Play Nice.
The lessons continue…
Thru simple and steady observation last week I saw a reflection of someone I don't want to be and I came to an important decision. I decided right then and there to wake up every morning and make a concerted effort to be nice to my husband. That’s all – just be nice. And when I told him, “I’ve decided I’m going to be nicer to you,” the expression of relief and happiness on his face almost made me cry. Had I really been that bad?
His face said that I had.
It is surprising how when you’re together a long time, one can slide into a rhythm of short words and short tempers and “I know best and it must be done my way.” That kind of attitude with the one you’re supposed to love the most. The one who in the beginning made your heart flutter at the sound of his voice. You couldn’t sleep for thinking about his eyes. The touch of his hand made you feel weak. The day he proposed and you shared the news with his parents you drank too many margaritas and got sick. O, wait, maybe that was just me…

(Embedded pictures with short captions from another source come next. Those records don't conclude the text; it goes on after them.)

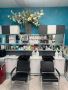 Hairmasters Hair Salon | Hair Salon | Hair Extension Technic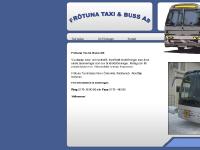 frotunataxiobuss.se frötuna, taxi, buss frotunataxiobuss.se frötuna, taxi, buss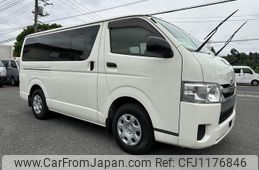toyota hiace-van 2017 quick_quick_TRH200V_TRH200-0271713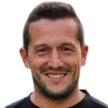 David Corominas
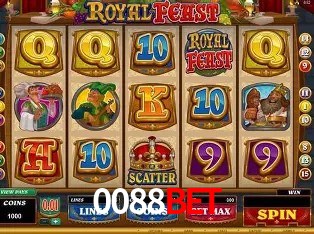 Jogos de Cassino ao Vivo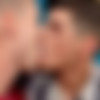 [NextDoorRaw.com / NextDoorStudios.com] Virgin Breeding (Justin Matthews, Jayden Smith) [2019 ., Anal Sex, Bareback, Big Dick, Blowjob, Cumshots, Kissing, Masturbation, Muscles, Rimming, Tattoos., 1080p] thumb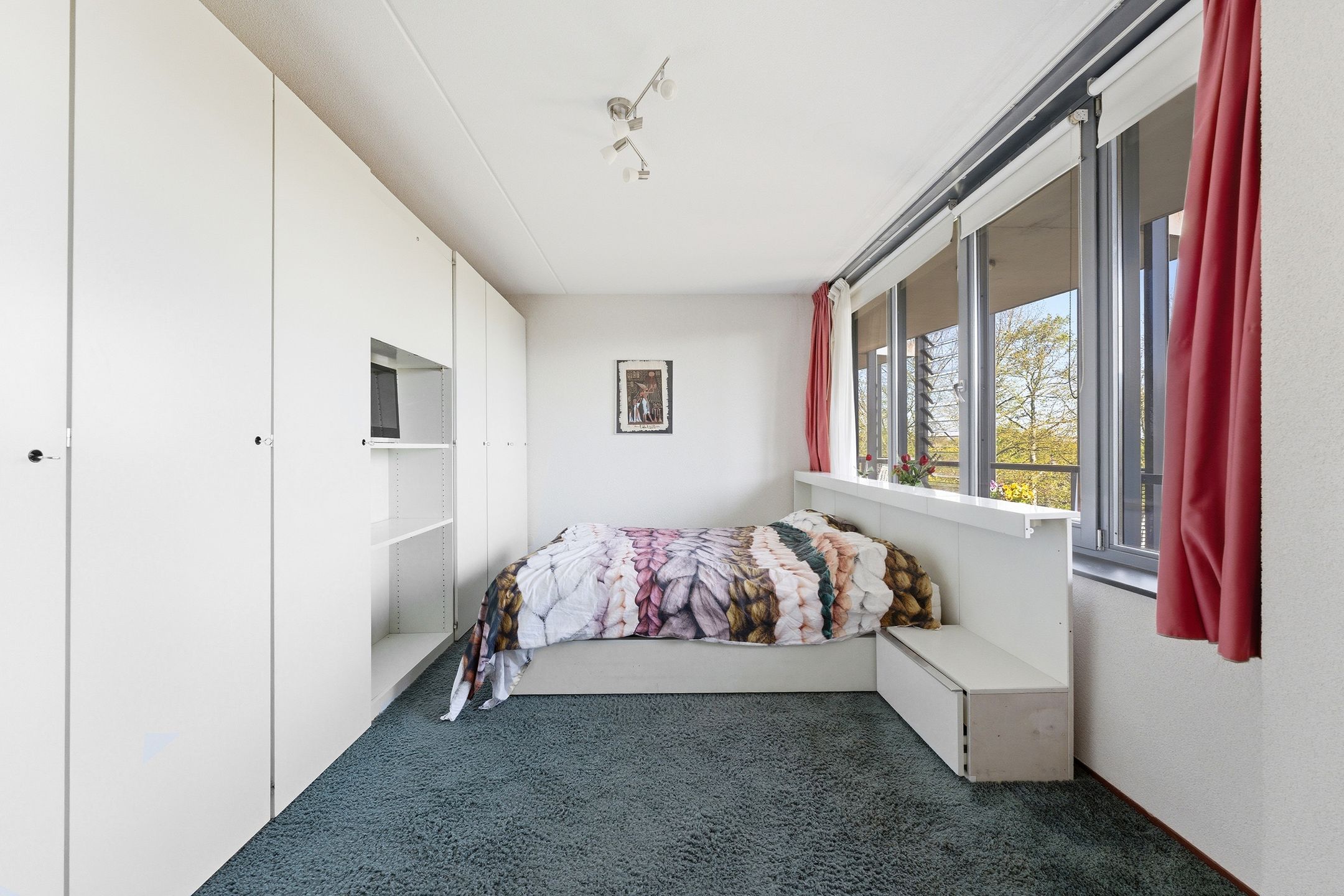 Foto 27 van Haven 43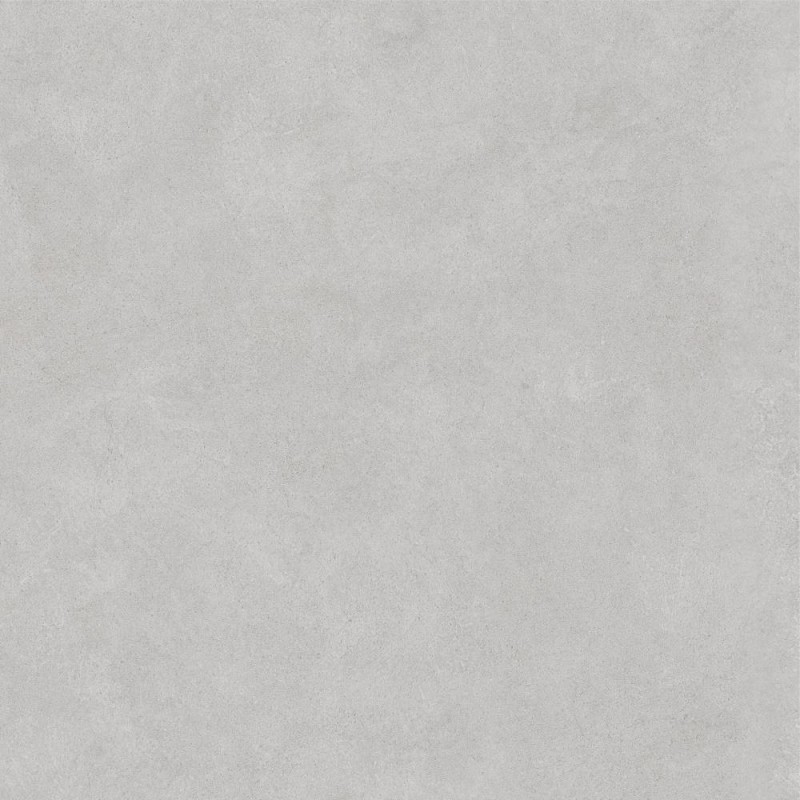 Surface Cemento Matt 60x60cm (box of 4)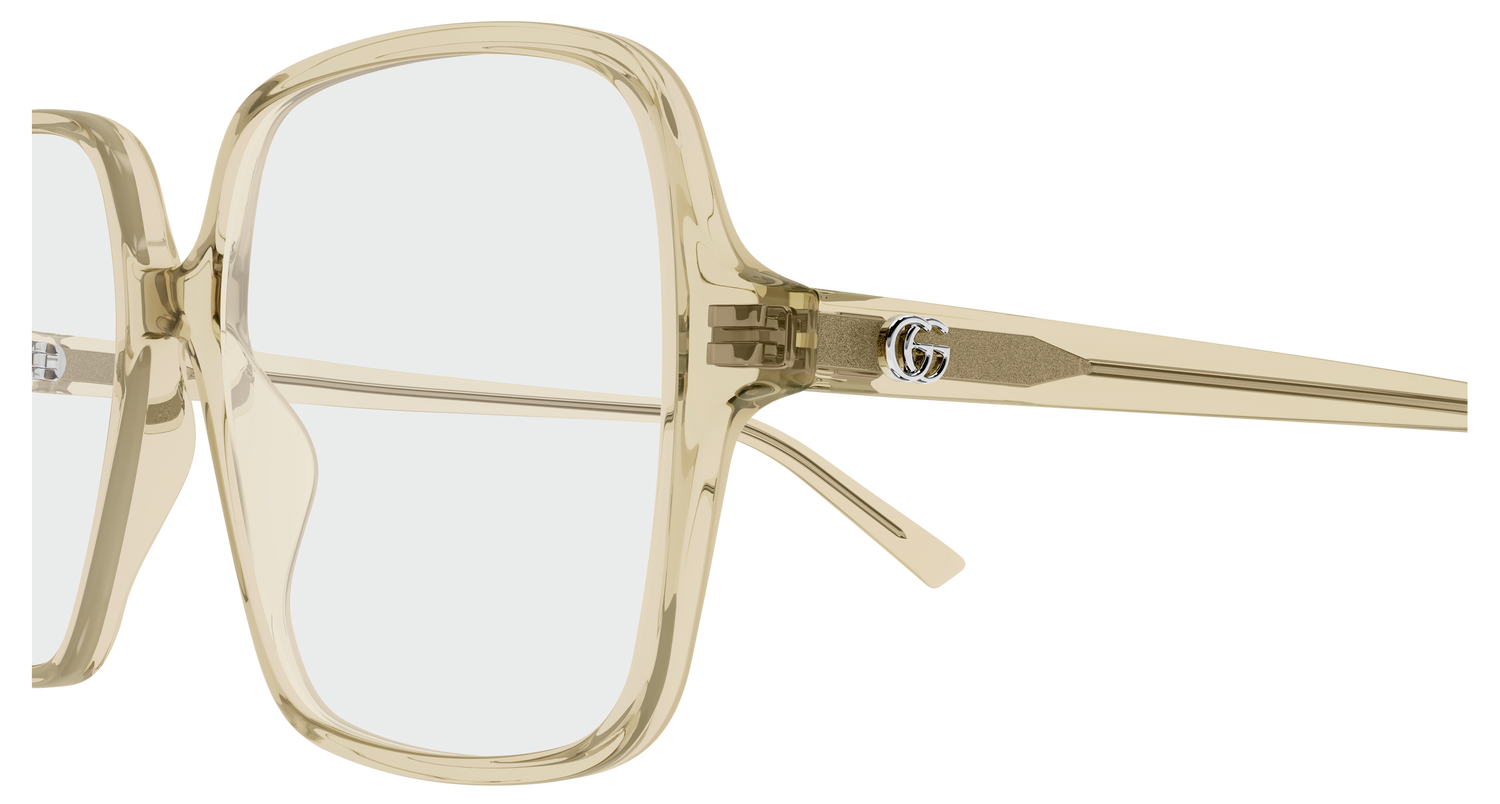 GUCCI GG1994O 004 53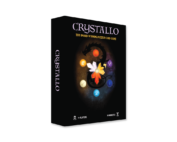 Crystallo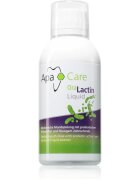 ApaCare Liquid ustna voda 200 ml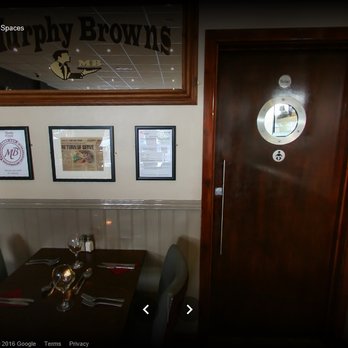 Murphy Browns Restaurant - Murphy Browns Restaurant Interior - Modern European Near Me - Belfast, BFS Murphy Browns Restaurant - Murphy Browns Restaurant Interior - Modern European Near Me - Belfast, BFS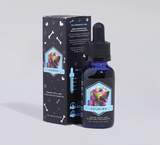 WildLife CBD Oil for Pets 1000 mg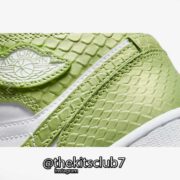 AJ1-MID-GREEN-PYTHON-web-04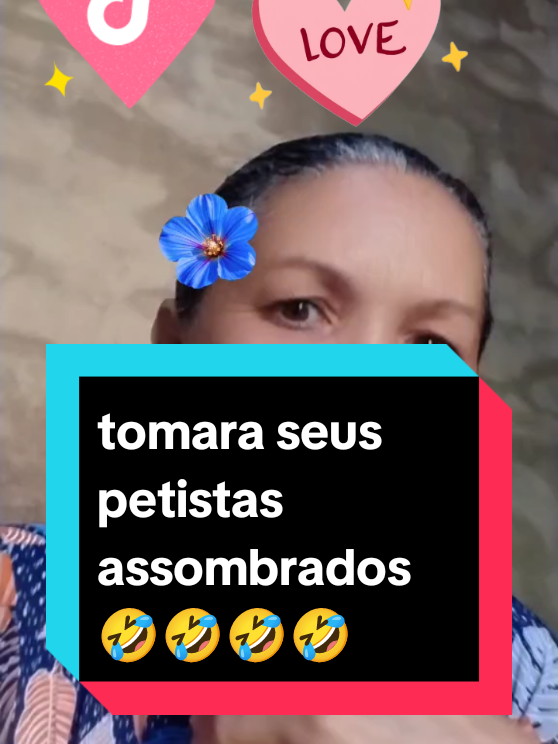 @Sulamita Bolsonaro 🇧🇷🇧🇷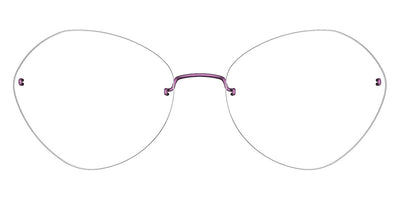 Lindberg® Spirit Titanium™ 2510 - 700-113 Glasses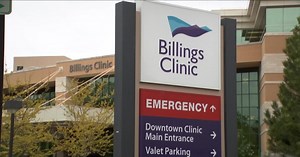 Billings Clinic announces timeline for merger with Logan Health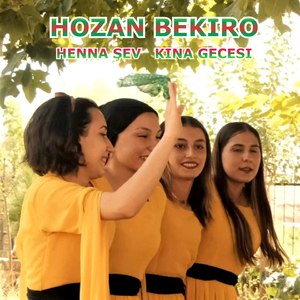 Henna Şev, Pt. 1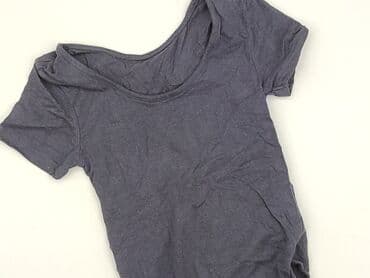 wojcik rajstopy: Body, 10 lat, 134-140 cm, stan - Bardzo dobry — 1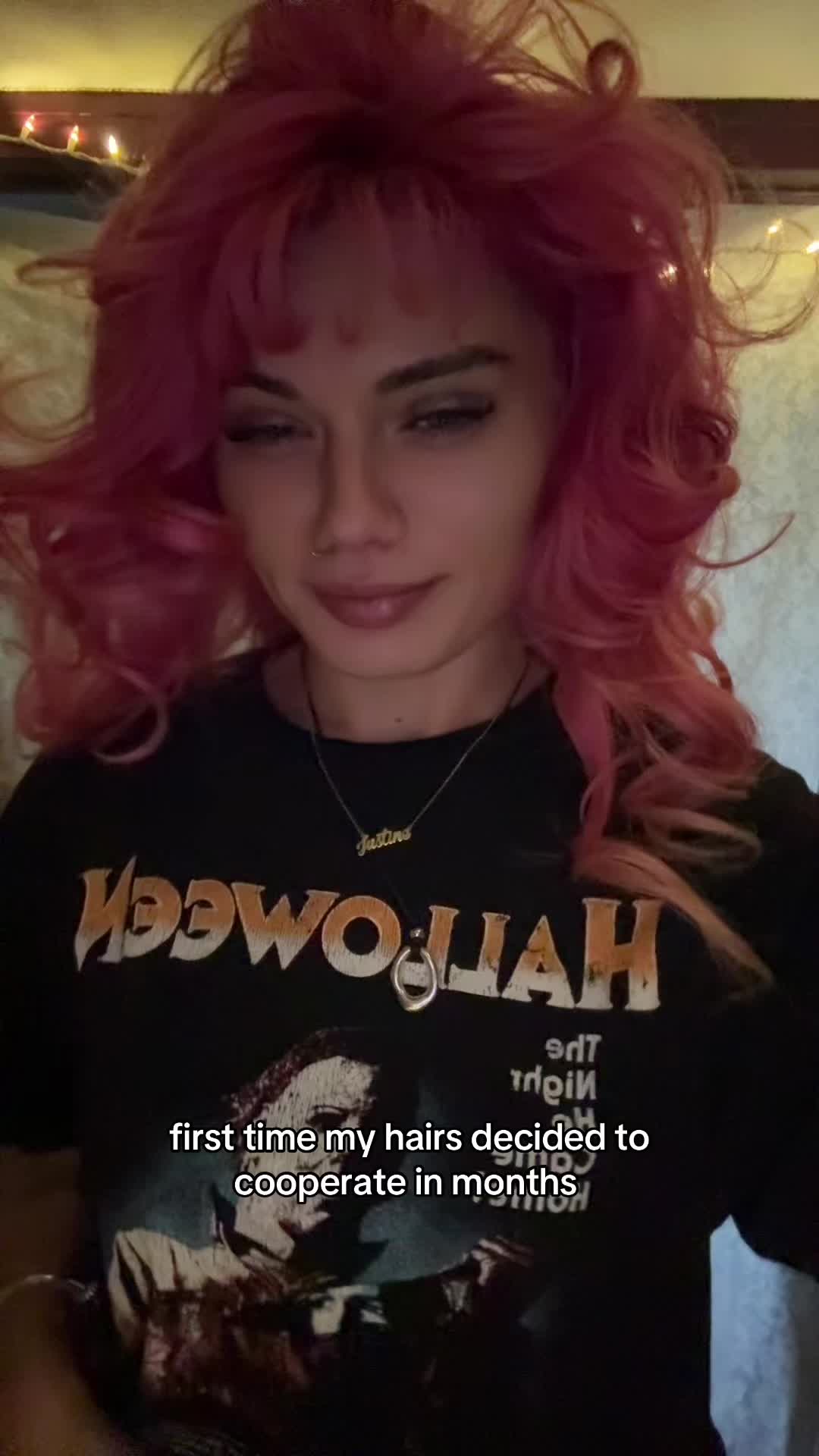 @jc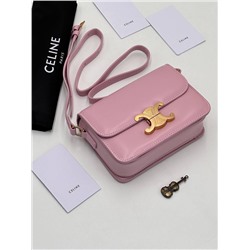 Сумка #22987619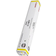 Canon 2802B003 (Yellow)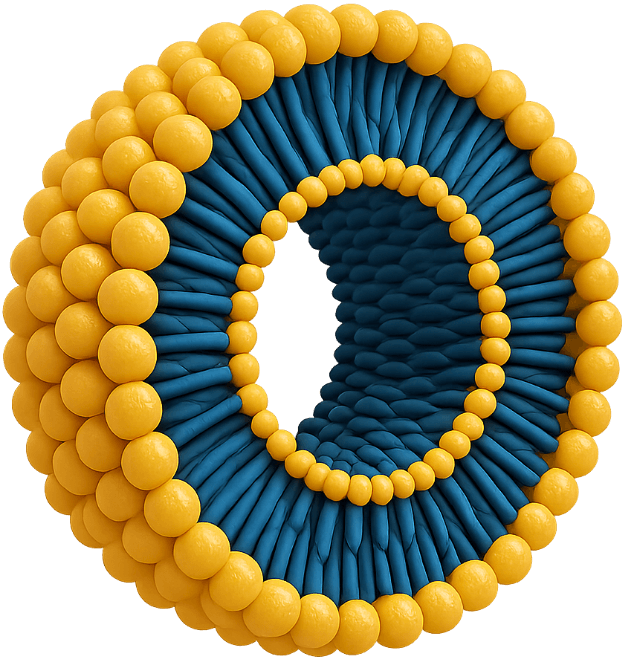 ChatGPT Image Apr 7, 2025, 12_41_02 PM (1)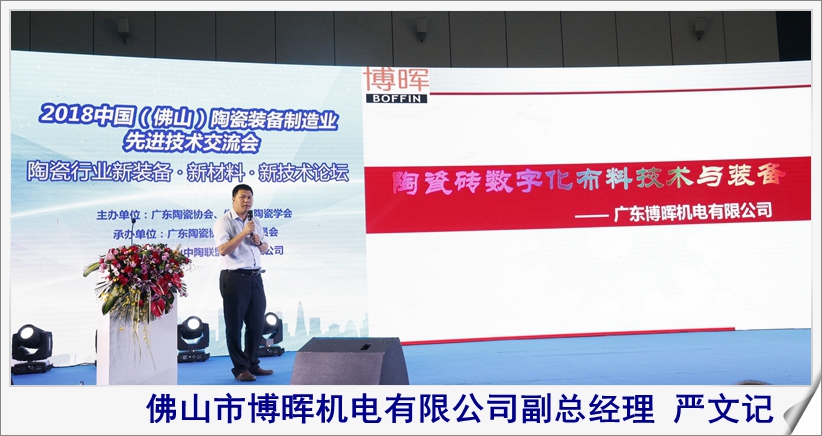 ���� ����ӛ.JPG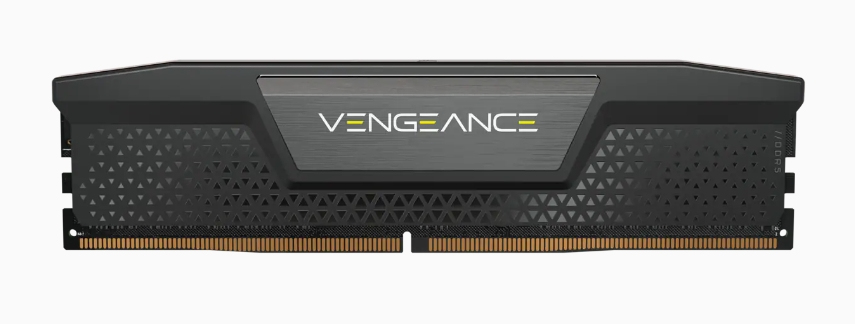 DDR5 5200 VENG BLK 16GB thumbnail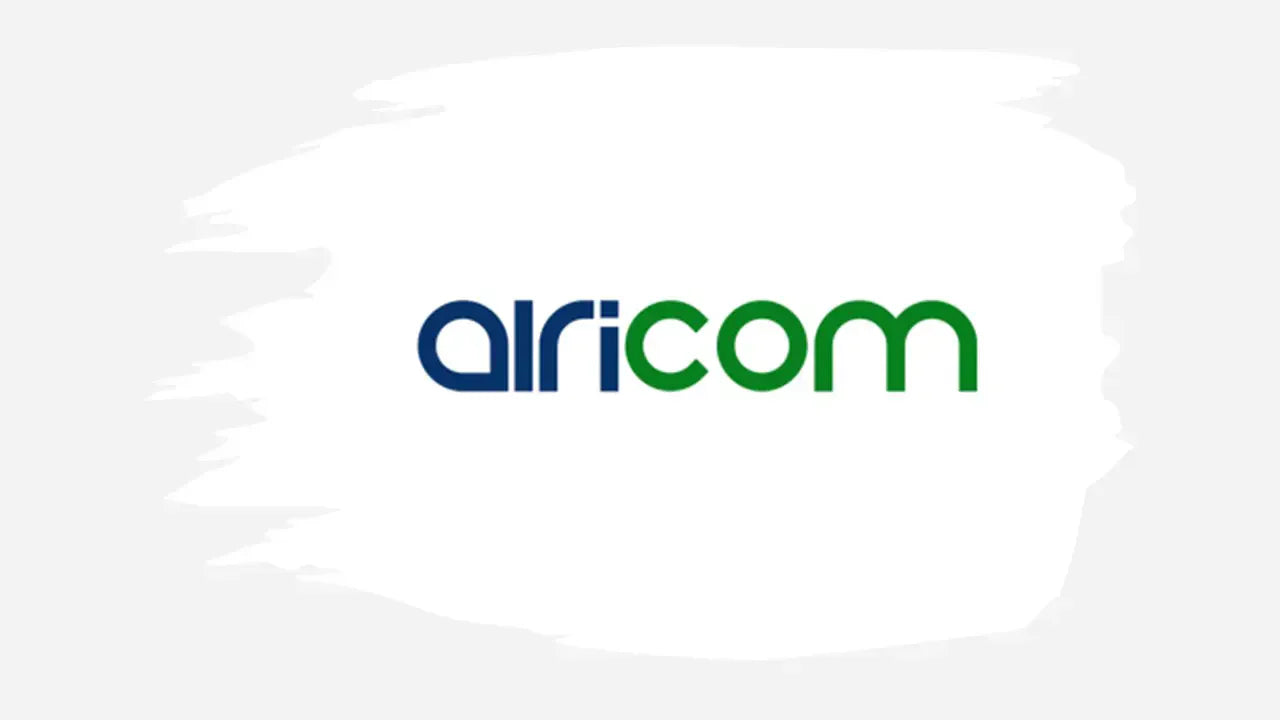 Airicom, partenaire de confiance pour déployer les solutions LoRaWAN de NodOn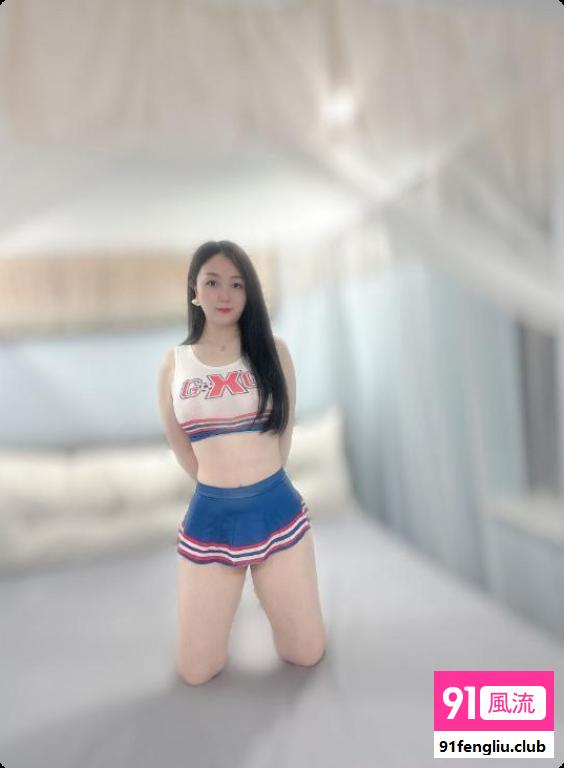 福田莞式服务敏敏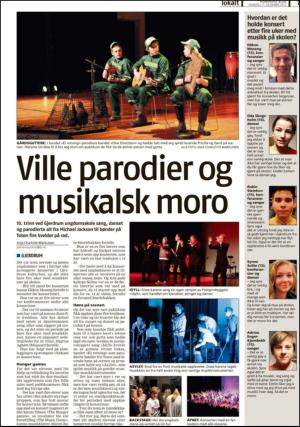 romerikesblad_seksjon-20121217_000_00_00_007.pdf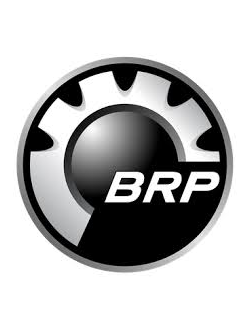 Оригинальные запчасти для BRP Can-Am/Lynx/Ski-Doo/Sea-Doo/Evinrude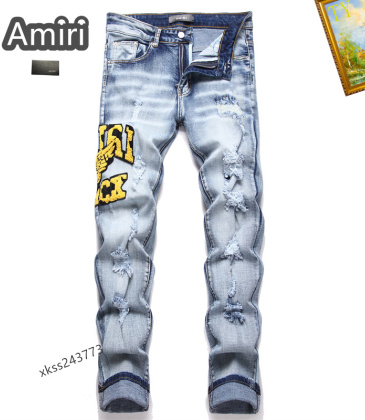 AMIRI Jeans for Men #A37498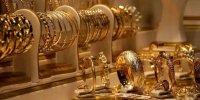آخرین وضعیت بازار طلا و سکه از زبان رئیس اتحادیه طلا و جواهر تهران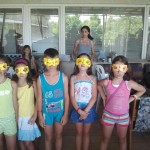 2012-06-14 15.51.33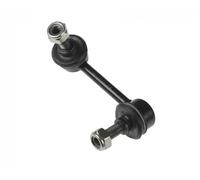BLUE PRINT ADN18576 Biellette de barre stabilisatrice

My point is this – why and how do we lose sight of all that compassion? Why would you ever want to be mean to that person – the one you cherish more than anyone on Earth? I’ve heard it said, “You only hurt the one you love,” but I’ll tell you what – that’s changing in my house. Kindness begets Kindness. Treat others the way you would like to be treated. All of those trite statements hold a lot of truth.
Life is too short. Remember the joy. Remember why you fell in love.
And play nice.
3 Comments:
Excellent writing, Cindi. A reminder to us all, well me, anyway, as I often fall into bad habits. Habits born a lifetime ago.
Very well expressed truths that so many of us lose sight of...I think this entry should be clipped and put on refrigerators around the planet...thanks for putting your thoughts on the blog. BTW, I came here via your Flickr page, which is wonderful.
Cindi, Thanks for sharing. You are so right, we do become complacent with those that we love. Often with the excuse, they will love me anyway. I am as guilty as everyone else of doing the same. Hugs!